# Confusion regarding factor 2 in uncertainty principle [duplicate]

I have encountered a problem regarding Heisenberg's uncertainty principle. Somewhere I found the expression

$$\Delta (x) \Delta (p) \geq \hbar$$

Whereas in some other places,

$$\Delta (x) \Delta(p) \geq \frac{h}{4\pi}$$

Here the second expression yields different expression than the first one. Why are the two expressions of uncertainty principle different? Which one is the correct form?

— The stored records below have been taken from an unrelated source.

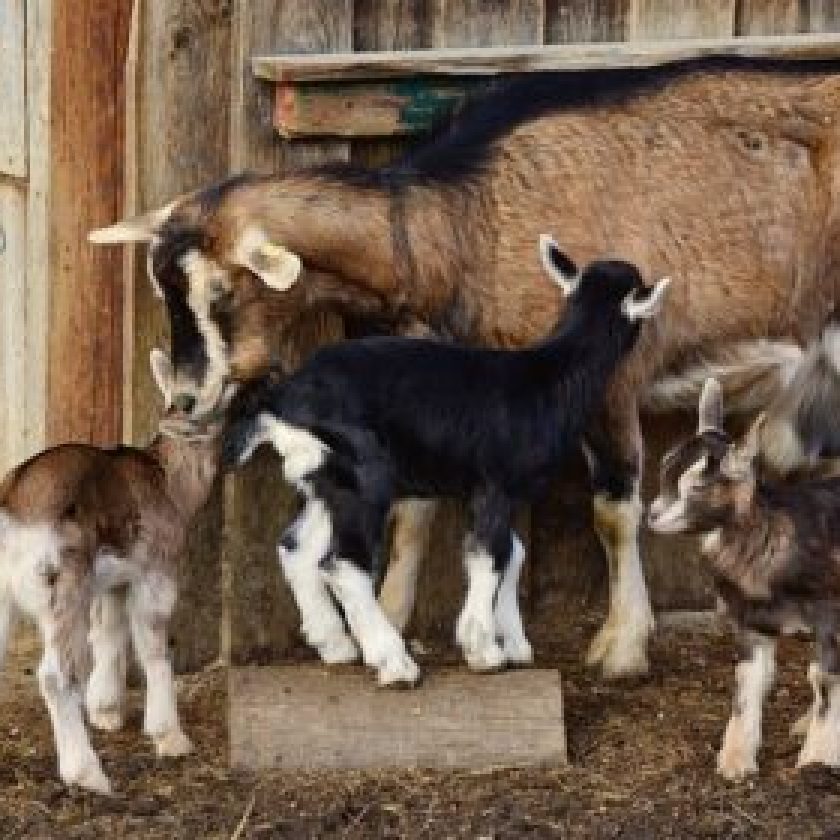 Raise Goats on your Homestead
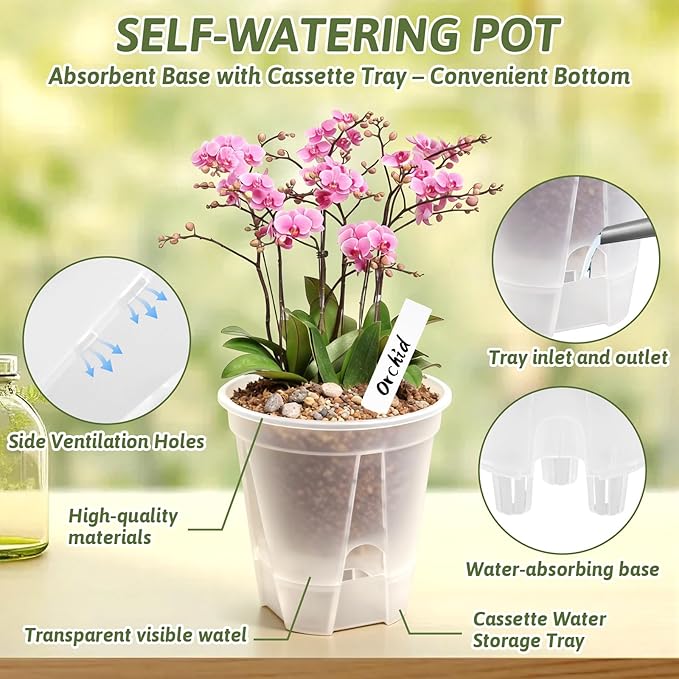 Clear Self Watering Pots for Indoor Plants - Image 7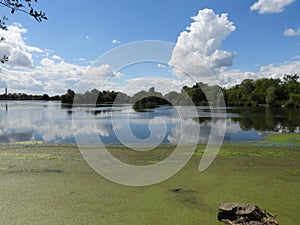 landscapes photography of Nottingham forest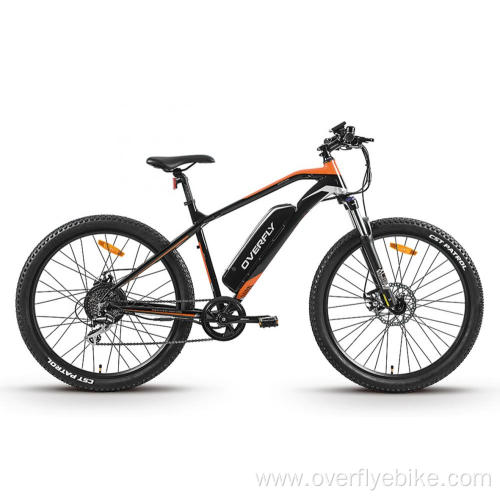 XY-Sportsman eMTB with stable performance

• – Sanya Aug 1 '16 at 16:54
• This principle is almost never used for exact calculations but rather to estimate orders of magnitude so you can just as well write $\Delta x \Delta o \geq \pi^{0.3} \hbar$ and it will still be valid. – Blazej Aug 1 '16 at 22:07
• Possible duplicates: physics.stackexchange.com/q/69604/2451 , physics.stackexchange.com/q/103208/2451 and links therein. – Qmechanic Aug 2 '16 at 9:31

See Ballentine: Quantum mechanics p. 224 (chapter 8): the uncertainty principle applied to position and momentum yields, in 1 dimension: $$\Delta_X \Delta_P \geq \frac{\hbar}{2}=\frac{h}{4 \pi}$$ But the other version is often used when it's mainly about an estimation of magnitude and the factor of $0.5$ does not really matter.
Edit: On Wikipedia it says that the first unproofed heuristically motivated version of the principle given by Heisenberg himself was without the factor of $0.5$. Maybe that is a historical explanation.